1. Purchase tickets on Trans Siberian railway
We purchased tickets for the Trans-Siberian Railway in advance on-line on the official website of the Russian railways www.rzd.ru. We read on the internet that tickets can be purchased no earlier than one month in advance. However, at the time of purchase, we found that this information was no longer valid, as the system allowed us to buy tickets for 40 days in advance (this fact caused the best seats to be occupied :/). The official website is in Russian and English language, but there are some options missing in English version (once the English version showed us other times of train departures).
Pick-up tickets for Trans Siberian railway
We printed all the tickets at home and exchanged them for the official ticket at the railway stations in Moscow (possibly you don’t have to exchange the tickets and the printed ones should be sufficient). We started from the Kazansky railway station, which is very clear and quite modern. Don’t expect ticket attendants to speak English, but with the help of a translator and basic phrases it’s not so hard to understand (just show the printed tickets at the ticket office and say “Davaj bilety” :D)
Separate purchase of tickets
If you are planning to get off the train and look around the cities along the route, be careful when buying tickets for your departure time. We have passed through four time zones and the time on the website can be displayed either in Moscow or in local time (the time of destination). However, the default setting is in local time and in parentheses it is stated how many hours the time differs from Moscow.
2. Choosing a right bed in Trans Siberian train
If you are traveling in group (more than 2 people) we recommend buying the lower and upper bed. There is not much space at the upper bed but it is nice to climb down and sit at lower bed. We do not recommend buying places in the aisle, as someone will always walk around you. It also means that you can’t stretch your legs while sleeping. Laso don’t book bed near toalets. The smell it is not so bad (but still it smells there) but there are queues for toilets (especially morning and evening), which can be annoying.
3. Carriage selection Trans Siberian train
Which carriage is the right one? This depends primarily on your financial capacity or preference for comfort and privacy. Basic options include De luxe sleeping (some trains only), first, second, third class with open sleeping and carriage with seats. We tried to keep the budget as low as possible, so we tried carriages with seats (the cheapest option) and the third class called 3-cl. Open sleeping (Russian plackarta).

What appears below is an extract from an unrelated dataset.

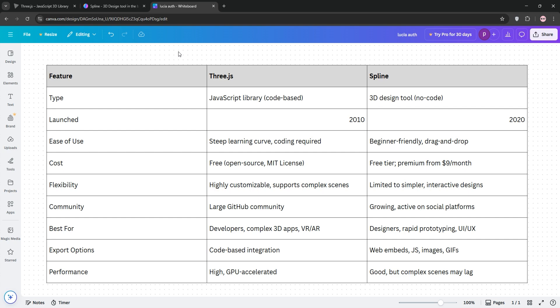If you're a coder tackling 3D work, 3.js is your go-to. For designers or fast turnarounds, Spline's simplicity wins. Check out our chart for a quick breakdown. That's it guys, 3.js for power, Spline for speed. Which one's your pick? Drop a comment and don't forget to like and subscribe for more tech insights. See you next time.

Looking from the outside first and second class seemed really good, but their prices can be up to 6 times higher than the third class. In a better class there are separate cubicles, more space, one gets water, there is a shower and there are certainly toilets in better condition. In the third claas there are no separate cubicles, but the space is still relatively large. Everyone is also entitled to a bed sheet, bed linen and towel, for free! Most trains also have electrical sockets to charge and the train from Moscow to Kazan has even a wifi connection. And we must to say that even the third class is really clean!
Open seating carriage
We regret this choice the most! The seats are very uncomfortable, so after only a few hours of driving, our butts cursed us. Although there was plenty of leg space between the seats, we were desperate and didn’t know how to sit. The toilet is only basic equipped. You have to stand on the toilet, which Anet found dangerous after the carriage shaked and she fell from it. The toilet is not very well maintained. We recommend sitting car only for short distances – no more than 4 hours.
3rd class – open sleeping vagon
This class was a pleasant surprise for us. Reviews on the internet were rather negative to neutral and did not impress us best. The third class is ideal for undemanding travelers who do not mind the presence of strangers and are not afraid to communicate with Russian citizens. We have never encountered someone who feels weird, drunk or aggressive. Usually we met families with children, a bunch of friends or men traveling from work or home. The lights were switched-off around 22:00, which was an order to sleep and there was really calm throughout the carriage. But we recommend earplugs because snoring echoes in the wagon. The bed consists of a classic seat and a mattress on it. Although it doesn’t seem like luxury, we slept well.
4. Eating in Trans Siberian train
Are you wondering if you will not starve in the train? Don’t worry about it, there are several ways to get food. The first is the availability of hot water, ideal for instant noodles and brewing tea or coffee. The second option is to buy food directly in the carriage. At the time of breakfast and lunch, shop assistants with various stuffed and ordinary pastries came to us. There is also the possibility to buy refreshments on the train, which include the aforementioned instant noodles, biscuits, candies, nuts and others. The last option is dining carriage.
If you want to take away a souvenir other than a photo, you can buy various souvenirs from the conductor. Most popular were mugs, but don’t worry there ware plenty of them.